The program has been written in C++ and can be downloaded from http://spin.niddk.nih.gov/bax/software/MERA. The program also runs as a webserver, http://spin.niddk.nih.gov/bax/nmrserver/mera, where the user is asked to upload a file with experimentally determined input data, including the estimated uncertainties, and the program emails the results back to the user. The program will run with any number of input parameters, but will return ill-defined results if too few restraints are available, as reflected in large standard deviations on the Kullback-Leibler divergence and near-zero χ2 values.
RESULTS AND DISCUSSION
Although MERA is designed for the analysis of the backbone torsion angle distribution of IDPs or of highly flexible regions in a protein, it can also be applied to folded proteins, and potentially is particularly useful for viewing the conformational space sampled by flexible regions in such proteins. Below, we will demonstrate the program for such applications, as well as for several residues in the previously extensively studied IDP α-synuclein.

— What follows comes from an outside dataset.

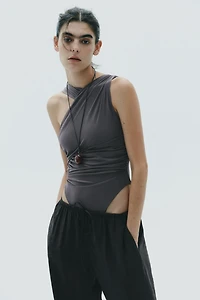 DRAPED ASYMMETRIC TULLE BODYSUIT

Application to ordered and dynamic residues in protein GB3
Nearly complete input data are available for the small, globular protein GB3. This protein contains a Greek key motif β-sheet, with one long α-helix (A23-N37) separating strands β2 and β3 (Derrick and Wigley 1994). The amide groups of several of GB3’s residues, incl. L12 and G41, exhibit strongly elevated backbone dynamics as judged from 15N NMR relaxation (Hall and Fushman 2003) and RDC analyses (Yao et al. 2008). Here, we show the results of MERA analysis for L12 and D40, as well as for two well-structured residues, K4, located in the first β-strand, and K31 in the middle of GB3’s,α-helix.
As expected, for both the highly structured residues, K4 and K31, a good fit to the experimental input parameters corresponds to quite high values (>~1) of the Kullback-Leibler divergence, −S. When increasing the weight of the database, θ, the χ2 value rapidly rises (Fig 2A,B), confirming that the torsion angle backbone distributions strongly deviate from those seen in the coil library. Indeed narrow clusters of backbone torsion angles are observed for both of these residues, centered around the angles of the PDB X-ray (Derrick and Wigley 1994) and RDC-refined NMR (Ulmer et al. 2003) structures (Fig. 2A,B). It is important to realize that MERA searches for the widest distribution (maximum entropy solution) that is compatible with the experimental data.
Figure 2.
Examples of MERA-derived ϕ/ψ distributions for well-ordered residues K4 (A,C) and K31 (B,D), using experimental input data (A,B), and ideal simulated input data (C,D), with the corresponding reference backbone torsion angles (PDB entry 2OED) (Ulmer et al. 2003) marked “×”. The surface area of each circle is proportional to its voxel population, and the color of each circle reflects its fractional deviation from that seen in the coil database. The bottom panels show plots of χ2 as a function of S, obtained for values of θ of (from left to right) 0, 0.1, 0.2, 0.4, 0.8, 1.6, 3, 6, 10, 20, and 40. The horizontal error bars in the lower panels reflect the lack of convergence of the simulated annealing protocol, seen for very low,θ values. The value θ = 0.4 is used for deriving the populations in the upper panels. For all analyses, the diffusion anisotropy parameter, k, was set to zero and σ(q) values recommended for folded proteins in Table 1 were used. χ2 values when using the database distributions (S=0) are 7.2 (K4) and 10.8 (K31). Green boxes mark secondary structure regions: β, PPII, αL, type I β-turn (β−I) and αR (see green labels in A). Experimental input data for K4 and K31 include all six types of J couplings (3JHNHα, 3JC′C′, 3JC′Hα, 1JCαHα, 2JNCα and 1JNCα), three types of chemical shifts (15N, 13Cα, and 13C′), and three types of short-range 1H-1H NOEs.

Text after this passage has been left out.